The question is: find the value of 500 dollars after 4 years invested at an annual interest rate of 9 percent (compounded continuously). I got 716.66. Is this correct? Thanks for your help!

Just to clarify something, since in my quest for help for this sort of problem on the internet, I found a few different formulas, the one that I am using is Pe^rt.

correct, good formula, good answer

To find the value of $500 after 4 years invested at an annual interest rate of 9 percent (compounded continuously), you can use the formula for continuous compound interest:

A = P * e^(rt)

Where:
A is the final amount (value after 4 years)
P is the initial principal (in this case, $500)
e is the mathematical constant approximately equal to 2.71828
r is the annual interest rate (in decimal form, so 9 percent becomes 0.09)
t is the time period in years (in this case, 4 years)

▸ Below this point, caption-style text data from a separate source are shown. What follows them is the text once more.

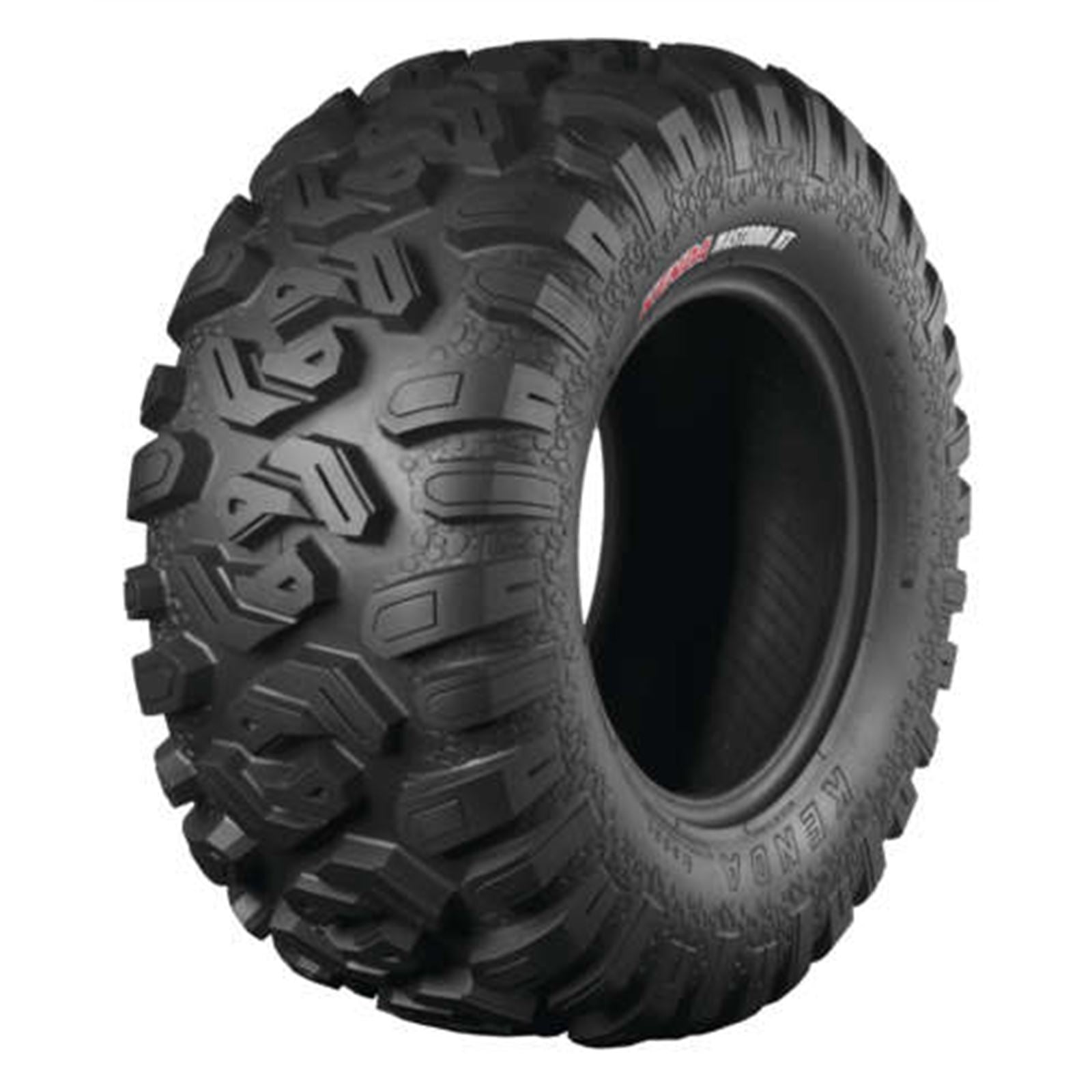 Kenda - Powersports Mastodon HT K3201 Radial Tire 28x9R-14, Radial, Front 0832011405D1_995032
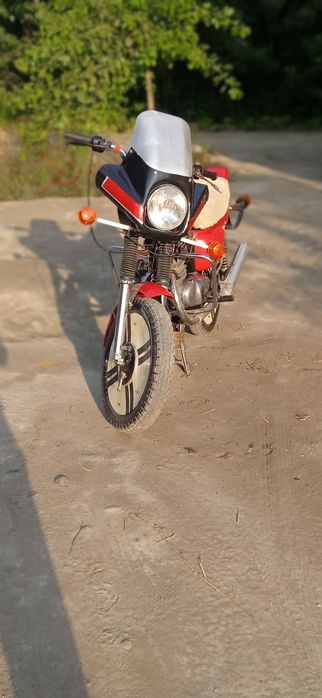 Vasxod motodikl m3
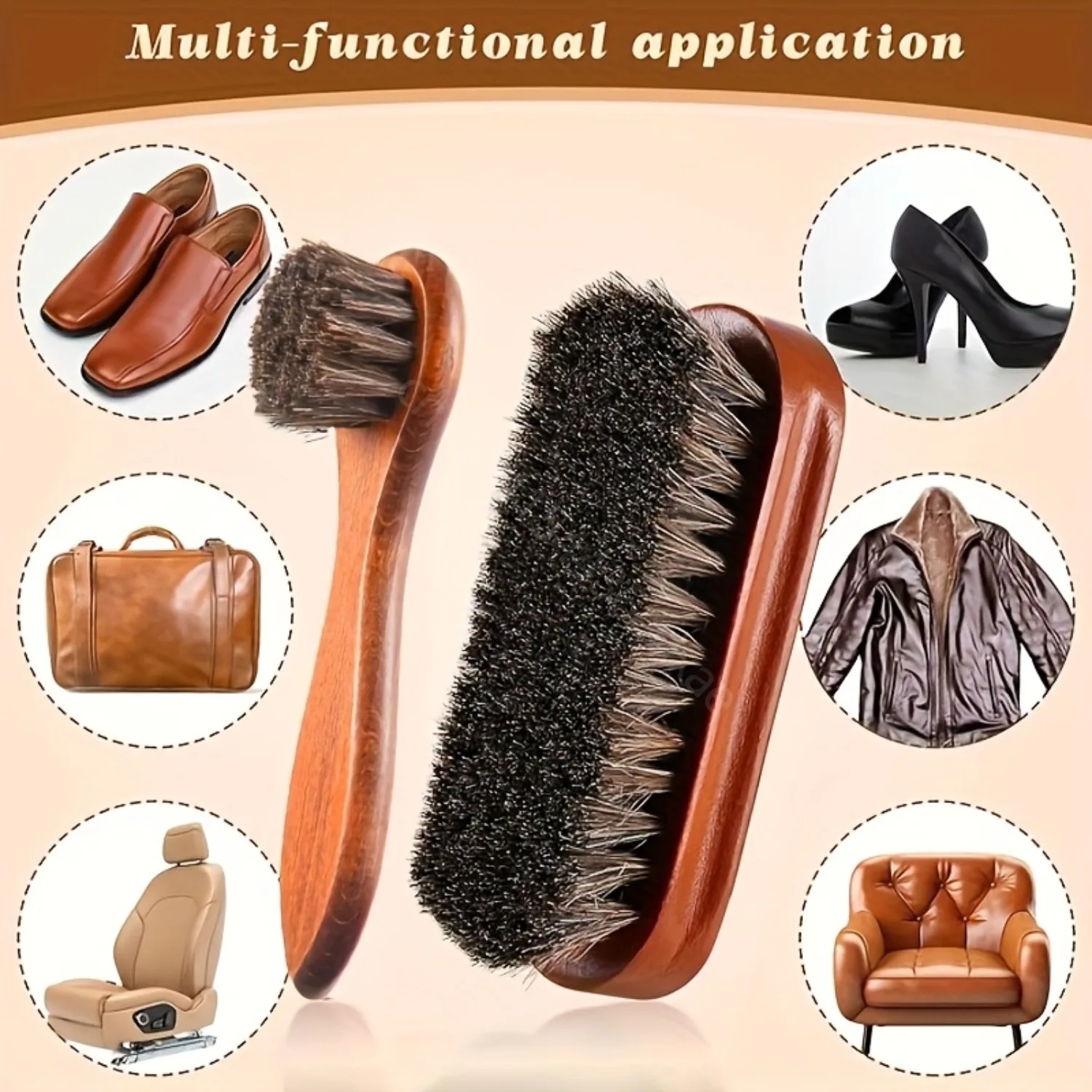 Spazzola per scarpe a manico l - Brushing Boot Horse recensione e prezzo
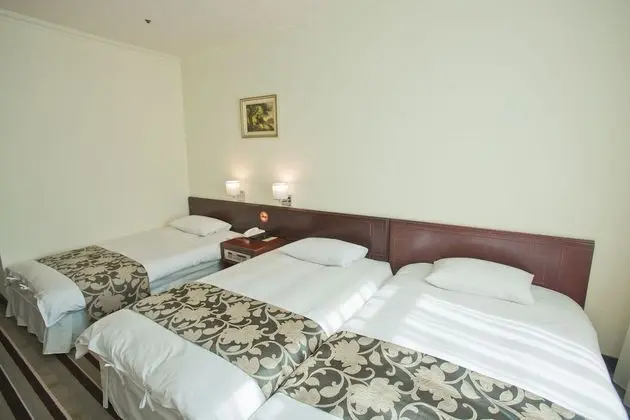 Standard Üç Kişilik Oda, 3 Tek Kişilik Yatak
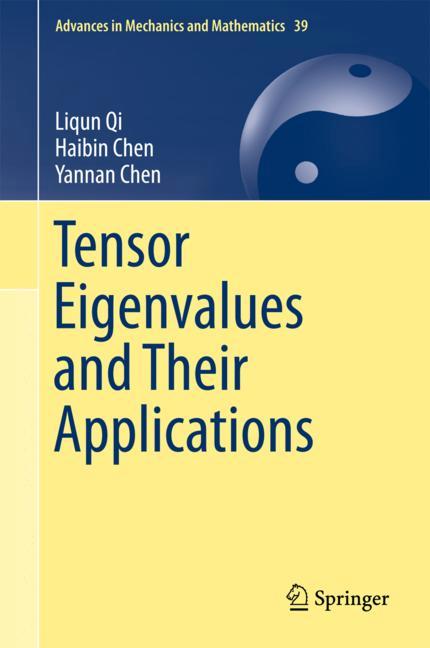 Tensor Eigenvalues …
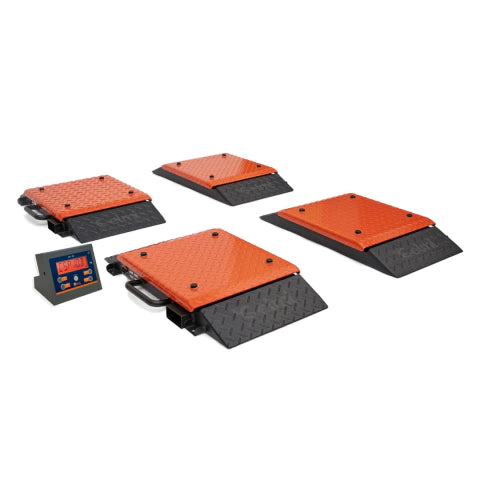 Balança de Sapata CM-1002 Celmi — Portátil, precisa e aprovada pelo INMETRO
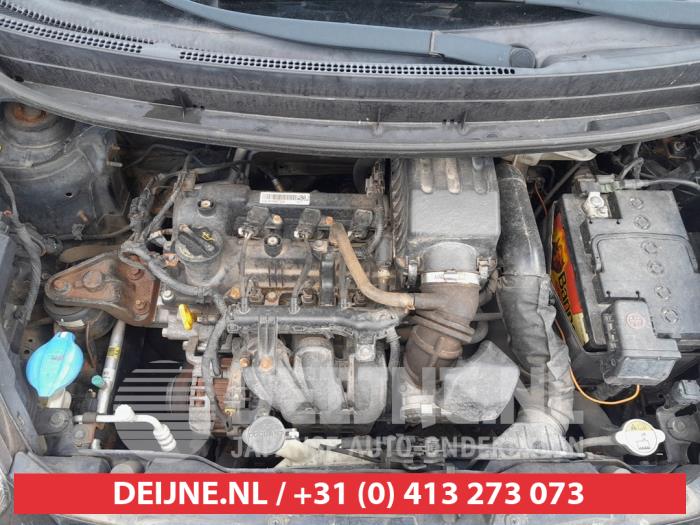 Kia Picanto Motor O742779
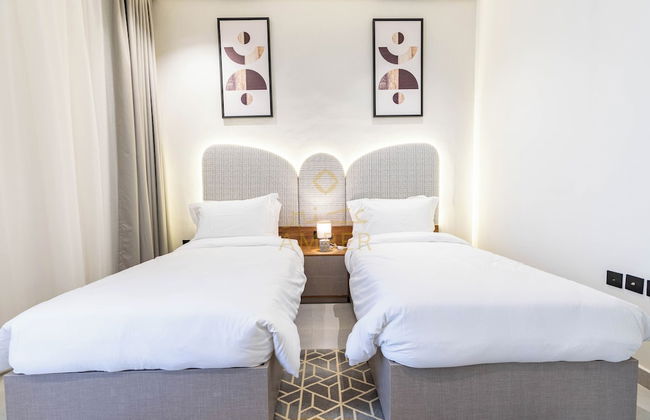 Amber Hospitality - Al Rawdah - Foto 80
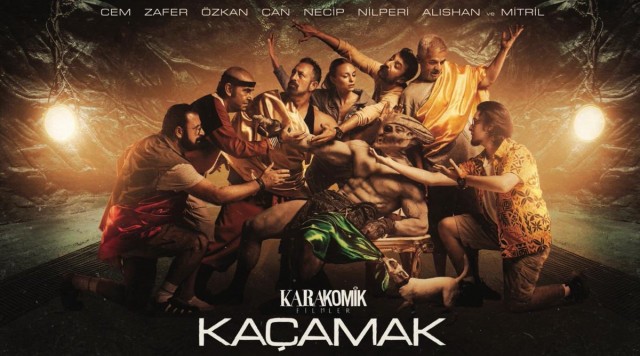Karakomik Filmler Fotoğrafı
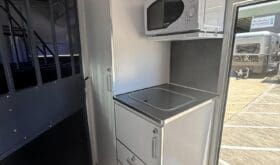 2025 Regency Square Camper Right Hand Facing Bays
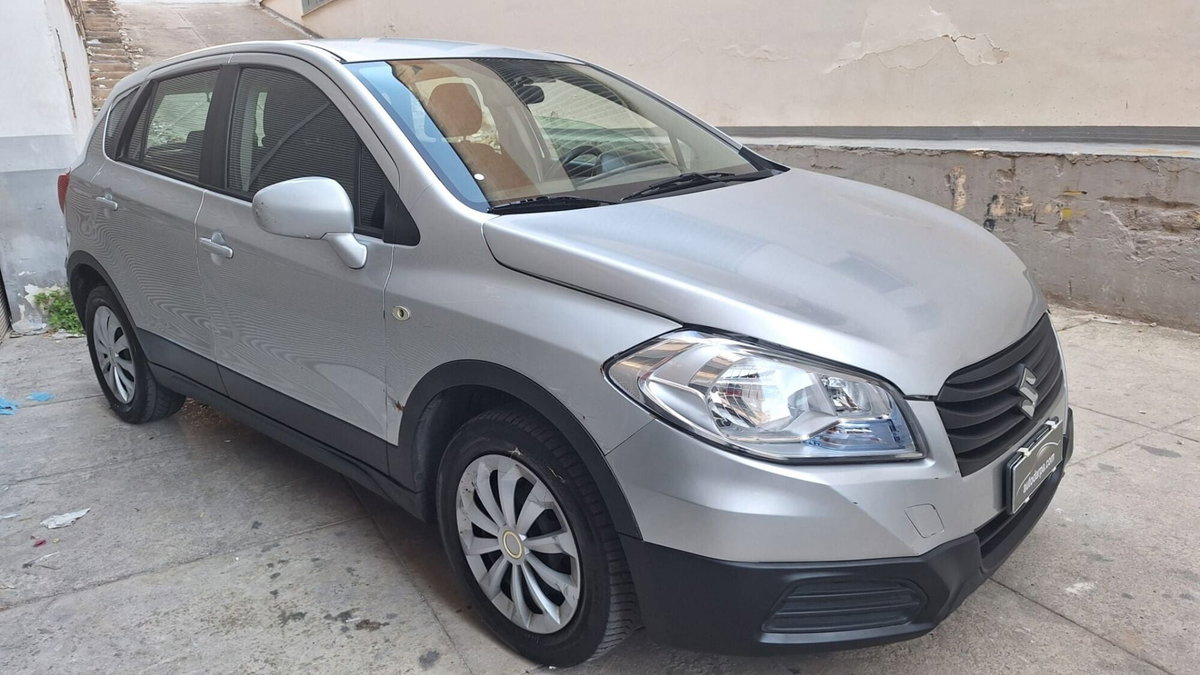 Suzuki S-Cross 1.6 DDiS Style (6)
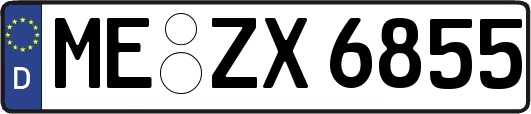 ME-ZX6855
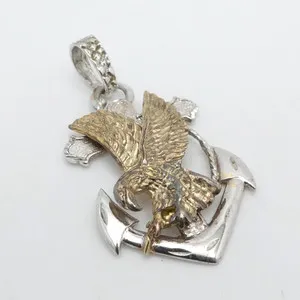 Authentic The Mariner's Anchor Cross of the Soaring Eagle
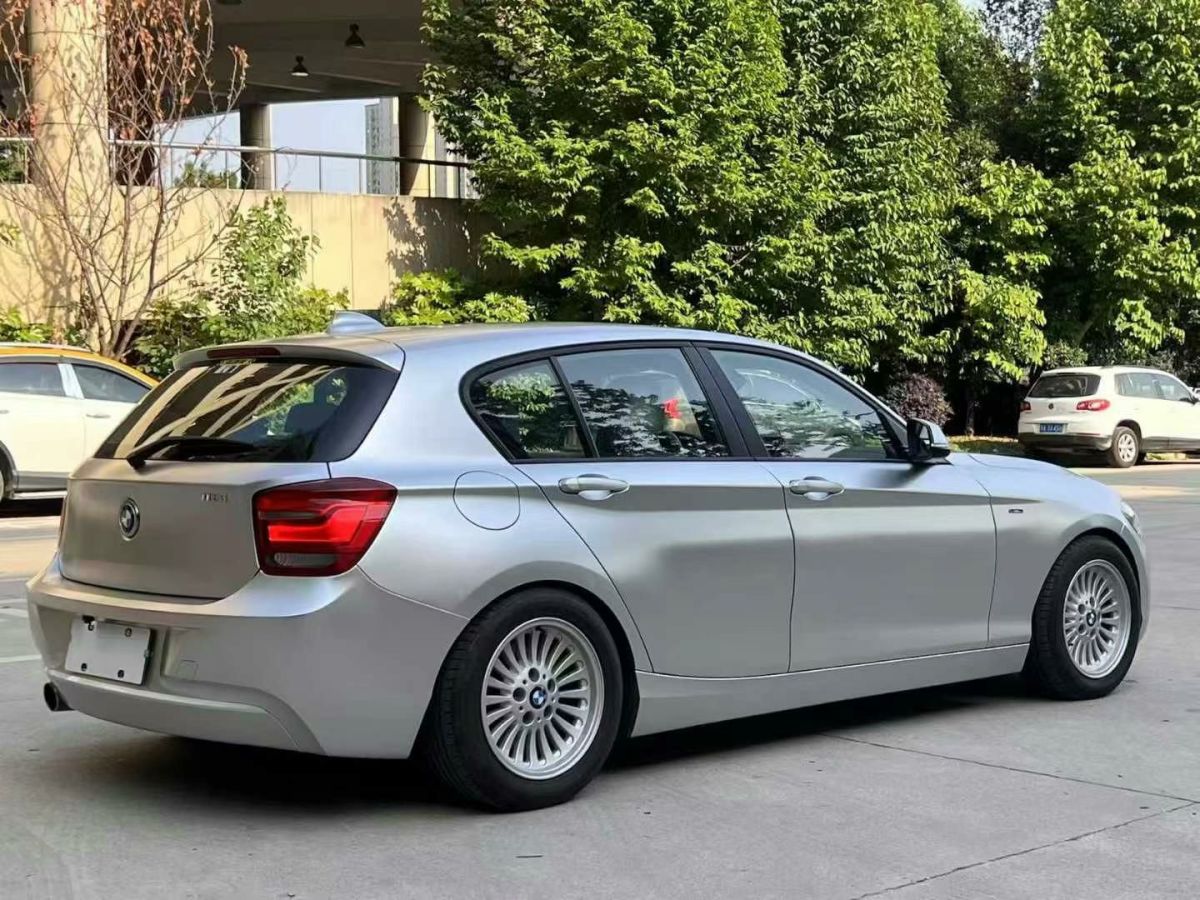 寶馬 寶馬i3  2014款 BMW i3 帶增程發(fā)動機圖片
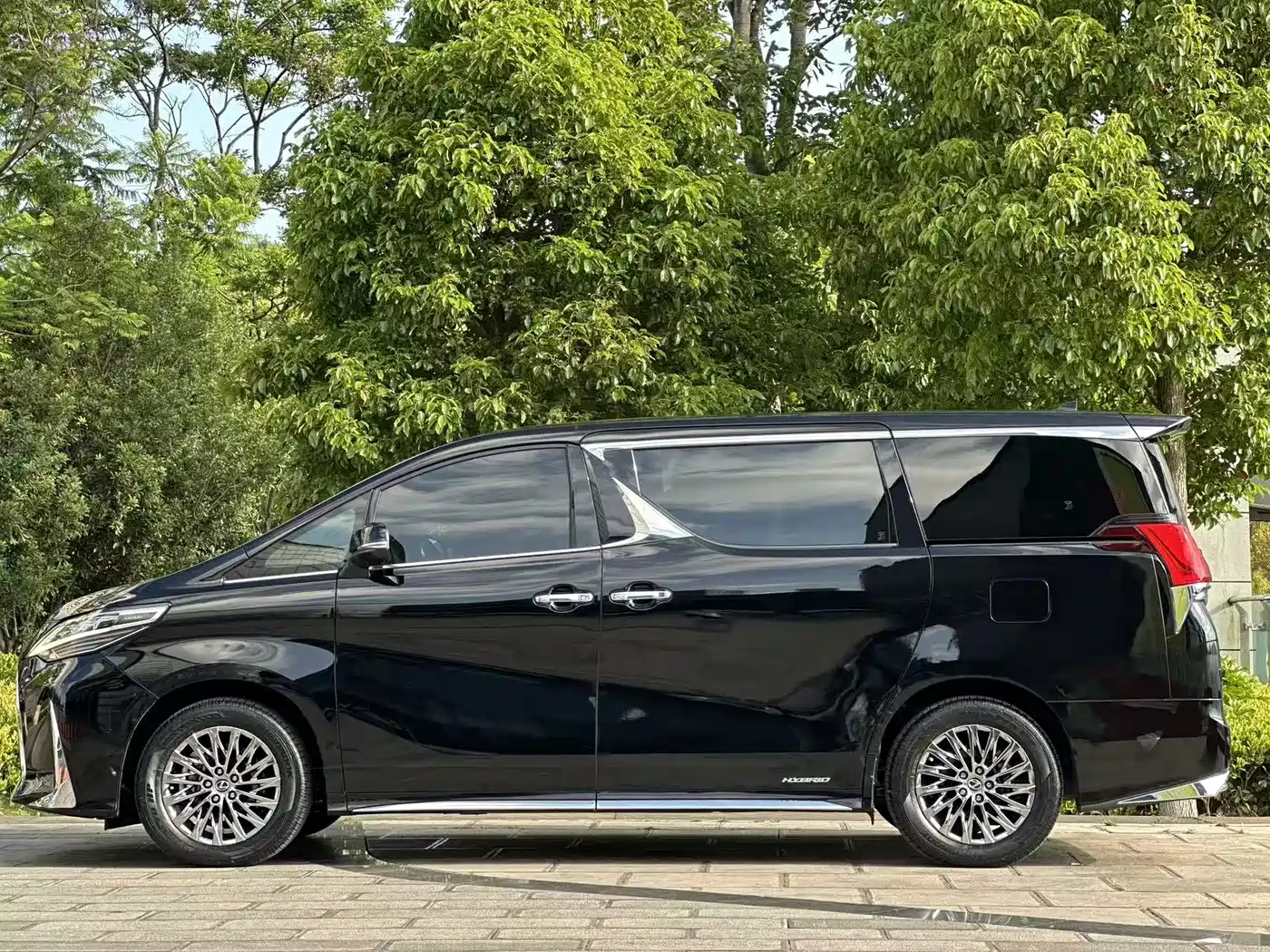 Lexus LM 2020 300h 4-Seat Imperial Edition фото 7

Plugging in the values, we get:

A = 500 * e^(0.09 * 4)

Using a calculator to evaluate e^(0.09 * 4), we get approximately 1.42725.

A = 500 * 1.42725
A ≈ 713.63

Therefore, the value of $500 after 4 years invested at an annual interest rate of 9 percent (compounded continuously) is approximately $713.63, not $716.66.

However, keep in mind that there may be slight differences in calculations due to rounding errors.